(Data items)

# # #

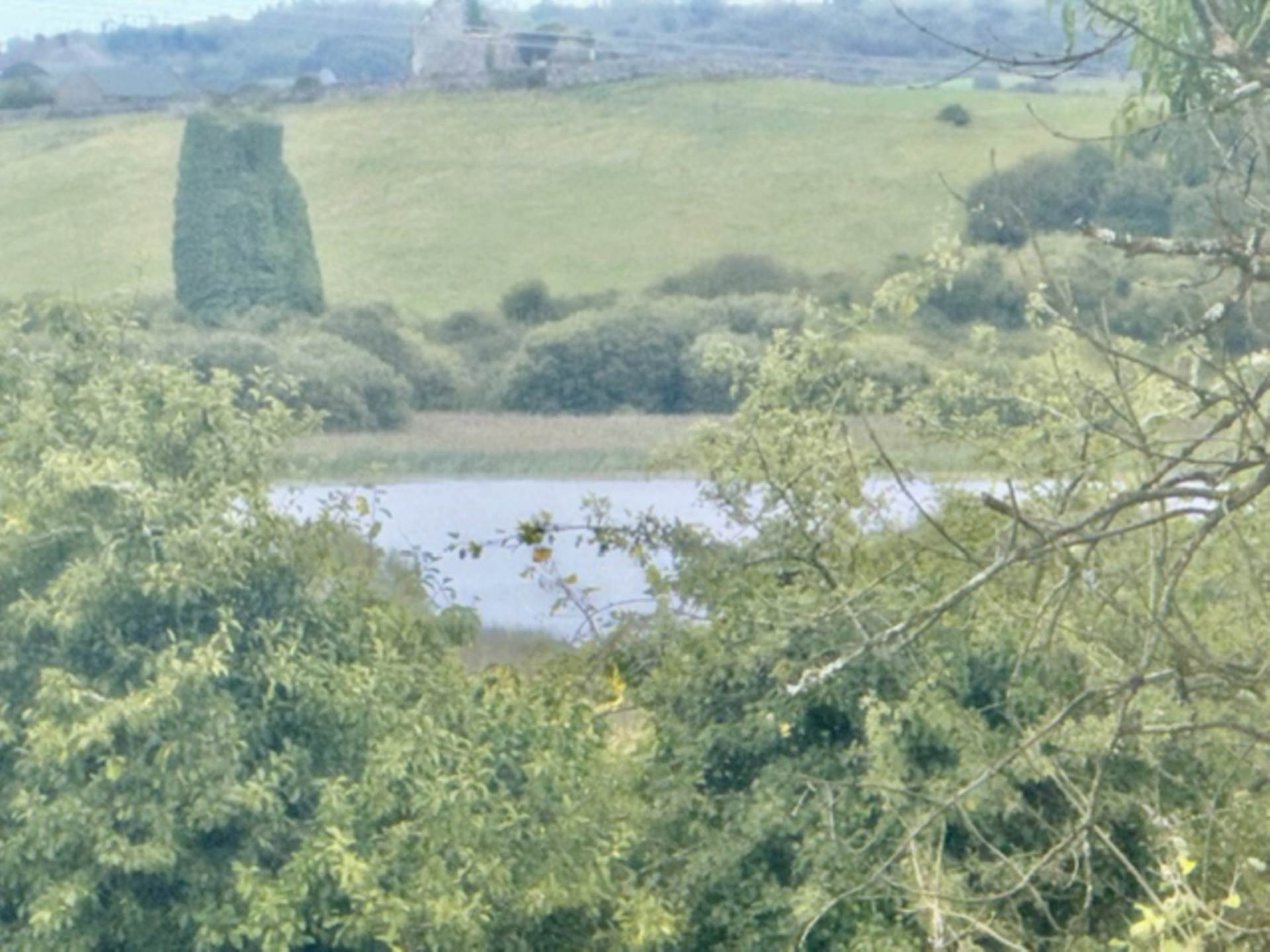 Roxton, Corofin, Co. Clare, V95 T9K7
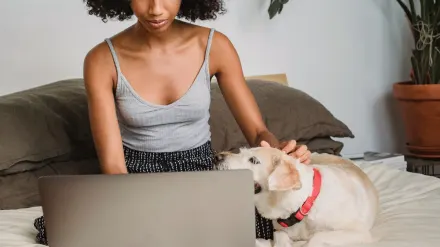 Dog with an owner at home
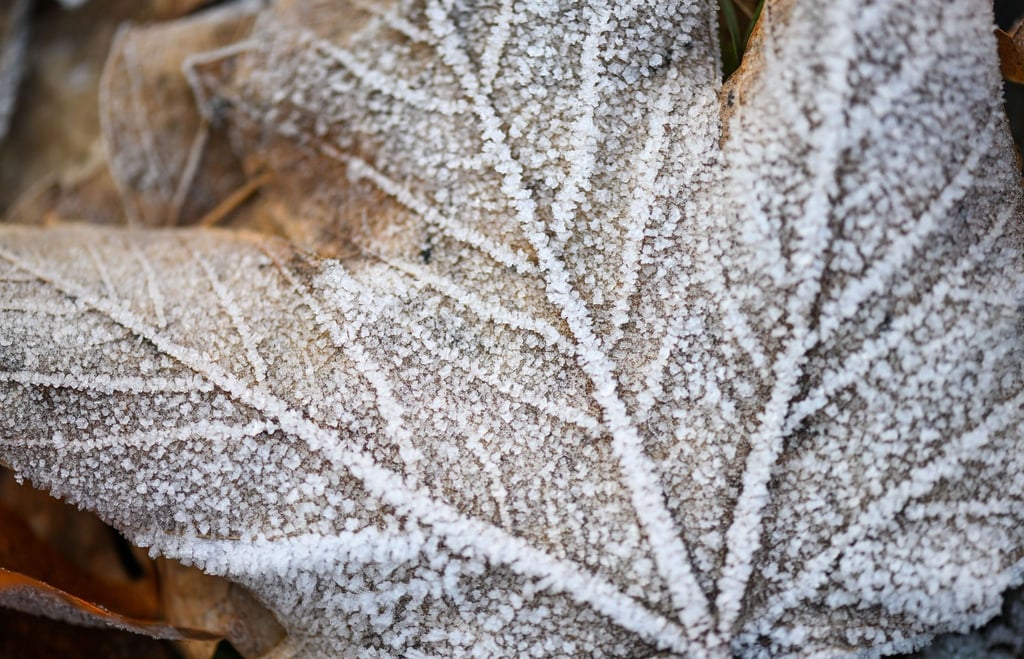 Trotz Schneefall bleibt der Winter in Mitteldeutschland bislang zu trocken. (Symbolbild)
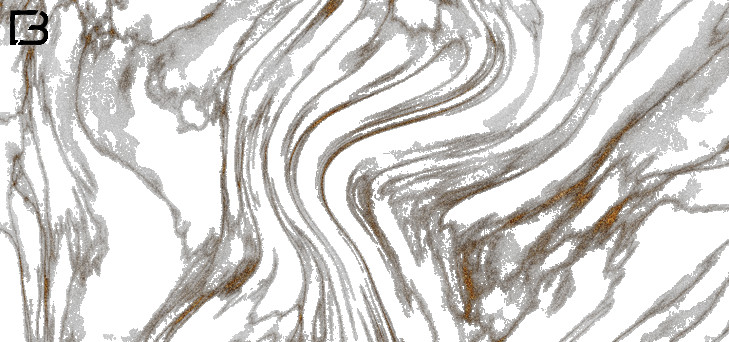 wmbg202501081036marbel high.jpg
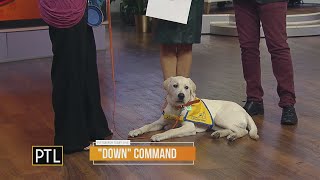 PTL Pupdate: Roberto learning his commands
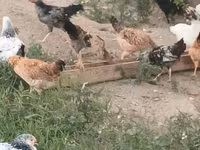 Chickens — الصورة 8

# # #

## REQUIREMENT
Extract only the lines from the one that contains "Trotz Schneefall bleibt" through the end of the records, inclusive, and omit every picture.

## EXERCISE ANSWER
 Trotz Schneefall bleibt der Winter in Mitteldeutschland bislang zu trocken. (Symbolbild)
 wmbg202501081036marbel high.jpg
 PTL Pupdate: Roberto learning his commands
 Chickens — الصورة 8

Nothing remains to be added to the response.